[Captioned web image data]
Content starts

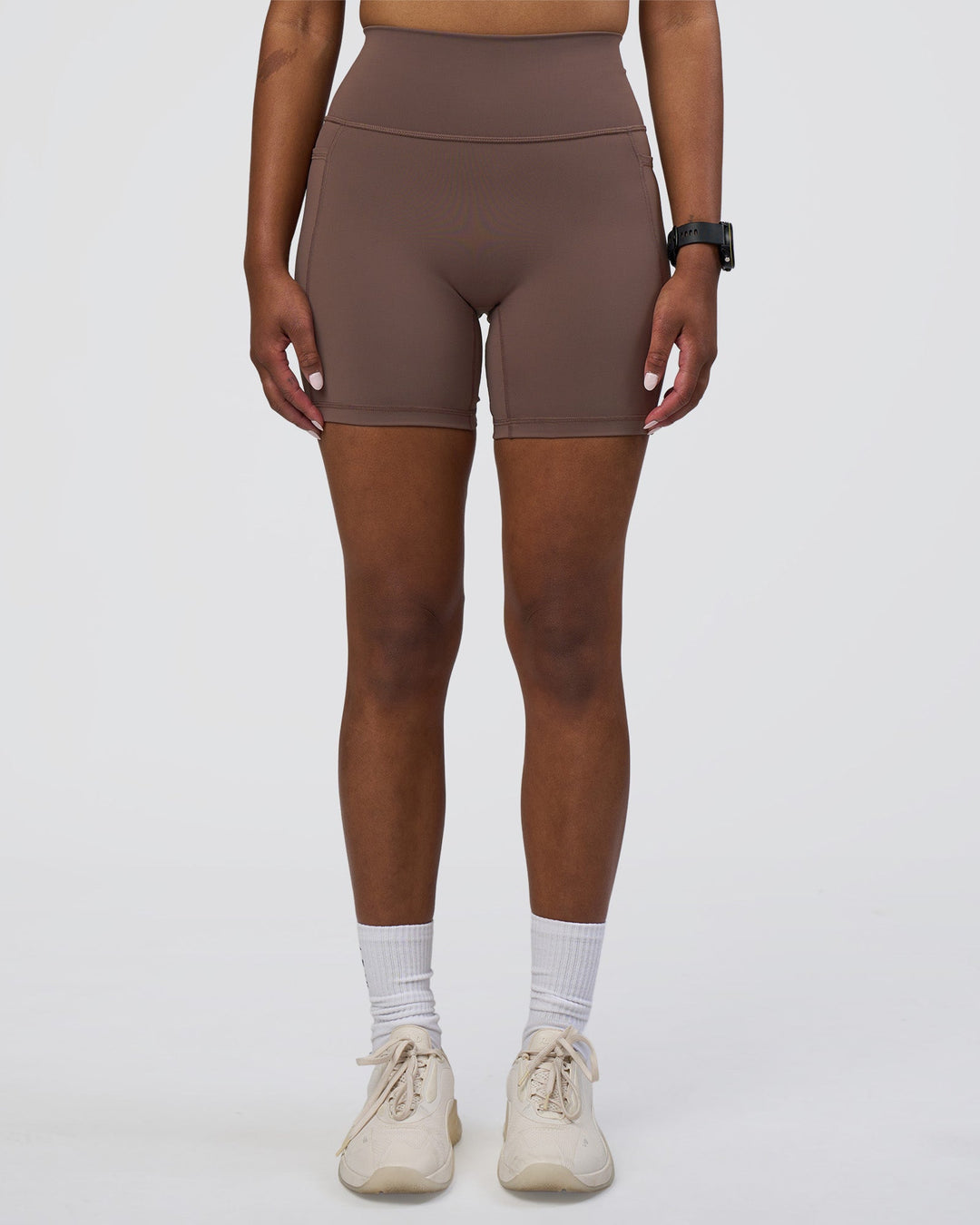 Woman wearing Fusion Ultra High-Rise 6&quot; Short Pockets - Peppercorn | Model:Rica | Size:S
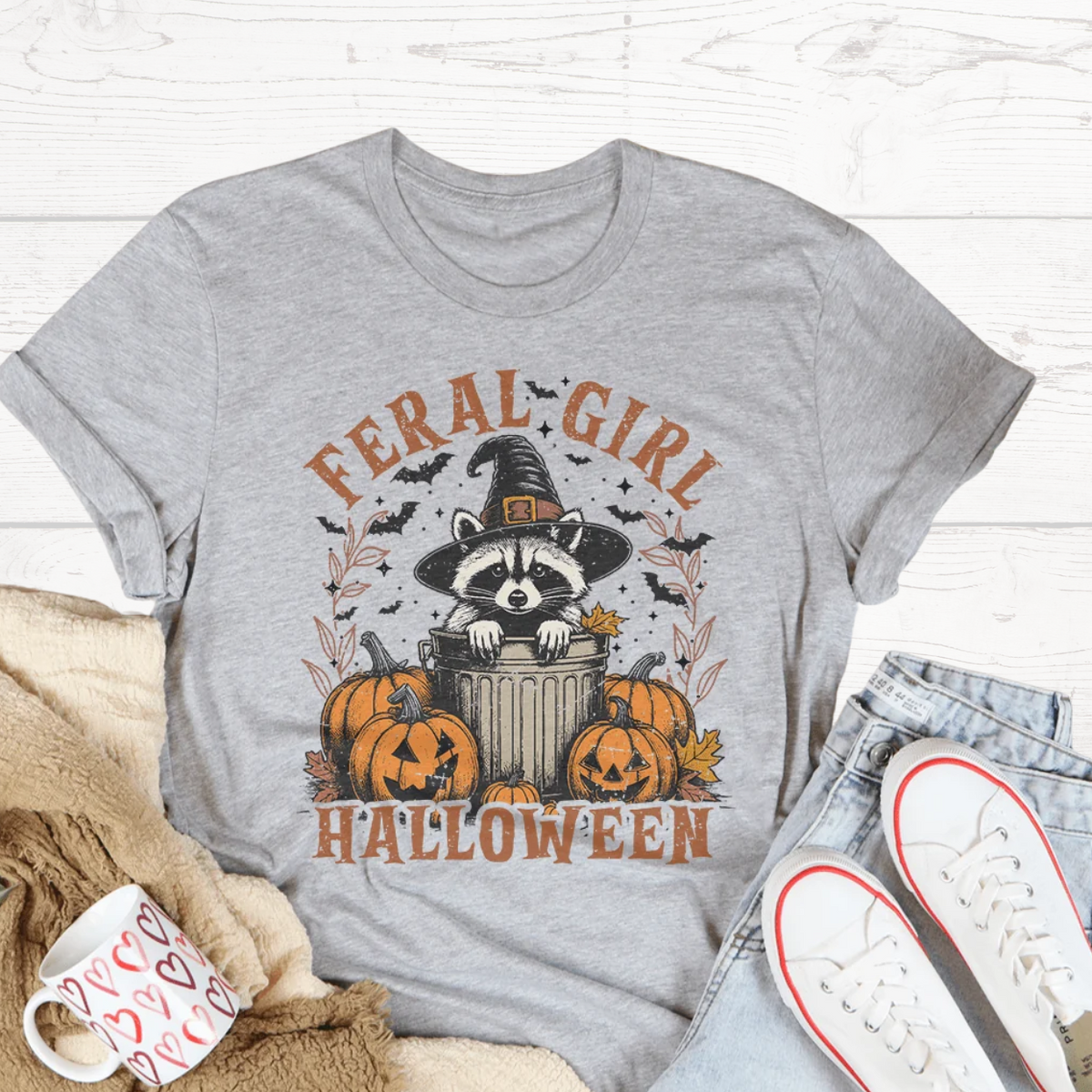 Heather gray Halloween graphic tee with raccoon in witch hat and pumpkins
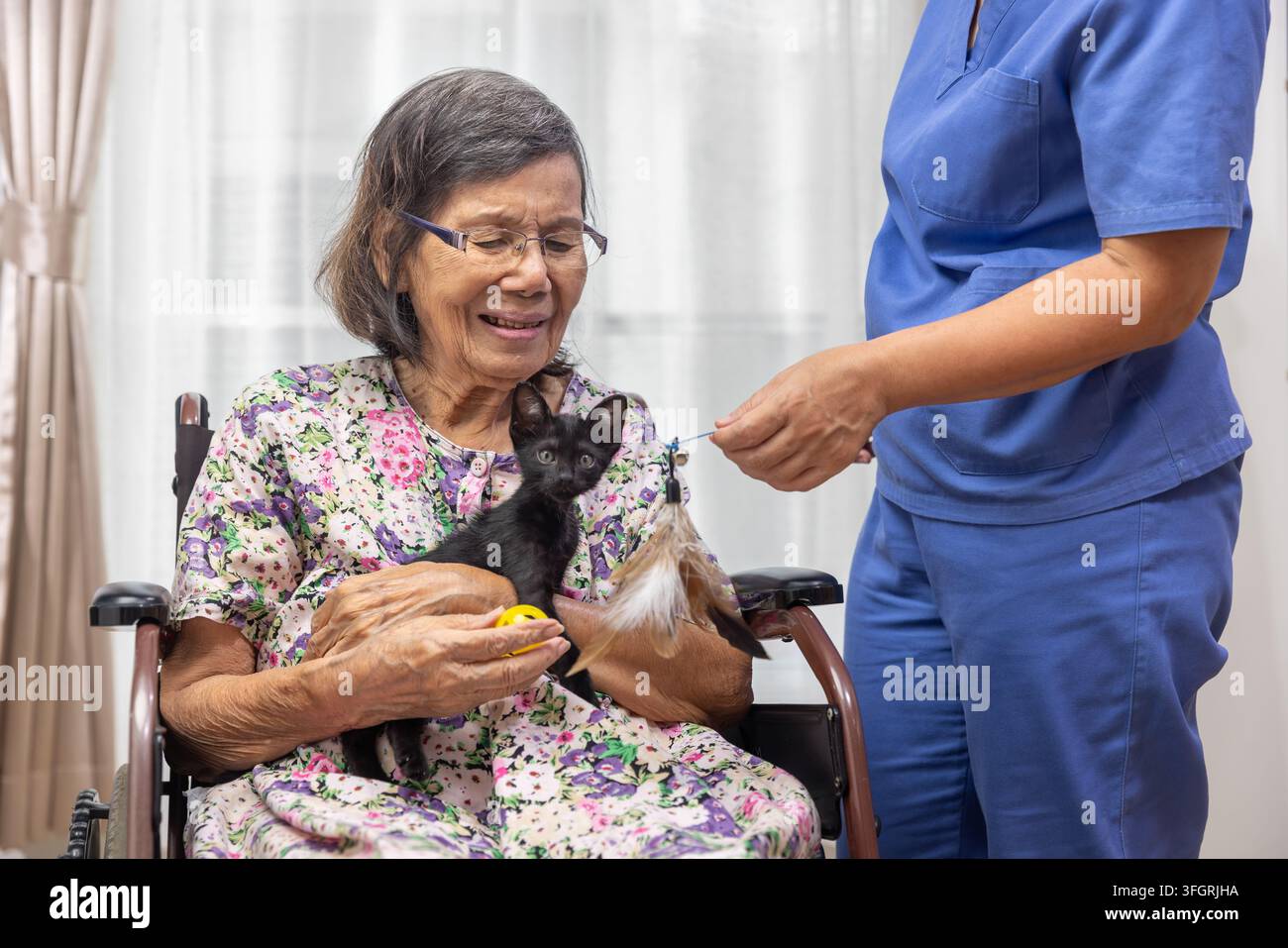 Elderly woman holding baby in hi-res stock photography and images - Alamy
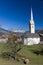 Sheep graze in front of large white church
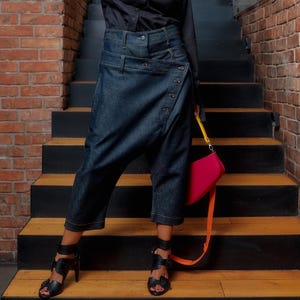 Op de afbeelding: Een persoon draagt een zwart overhemd met knopen en een donkerblauwe jeansbroek met wikkelstijl. De outfit is gecombineerd met zwarte sandalen, een roze handtas met een oranje band en een blauw getinte bril. De achtergrond is een bakstenen muur en een trap.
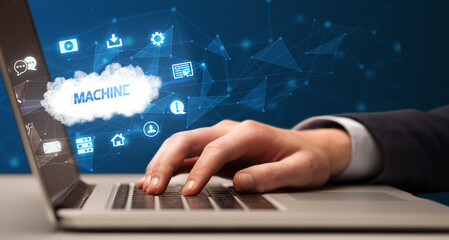 Businessman working on laptop with MACHINE inscription, modern technology concept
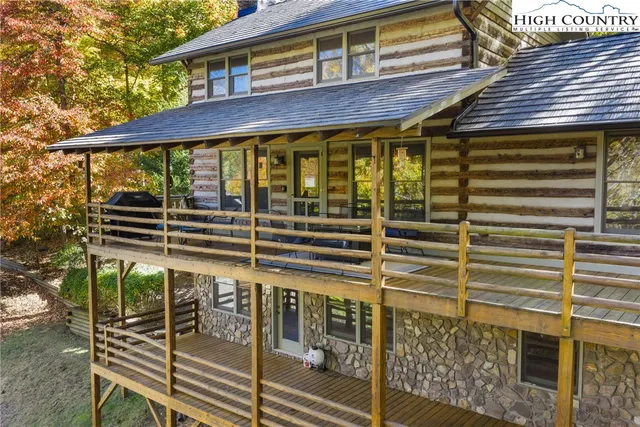 a view of a brick house with a large windows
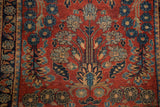 Vintage Sarouk rug's central flowering motif, elongated stems, indigo blossoms.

Content ends

**WHAT IS REQUIRED**
Reproduce exactly and only the lines from the one with "Heather gray Halloween" through the last entry, both included, excluding every picture.

**WRITTEN RESPONSE**
 Heather gray Halloween graphic tee with raccoon in witch hat and pumpkins
 Elderly woman holding baby in hi-res stock photography and images - Alamy
 Sheep graze in front of large white church
 Op de afbeelding: Een persoon draagt een zwart overhemd met knopen en een donkerblauwe jeansbroek met wikkelstijl. De outfit is gecombineerd met zwarte sandalen, een roze handtas met een oranje band en een blauw getinte bril. De achtergrond is een bakstenen muur en een trap.
 Businessman working on laptop with MACHINE inscription, modern technology concept
 a view of a brick house with a large windows
 Vintage Sarouk rug's central flowering motif, elongated stems, indigo blossoms.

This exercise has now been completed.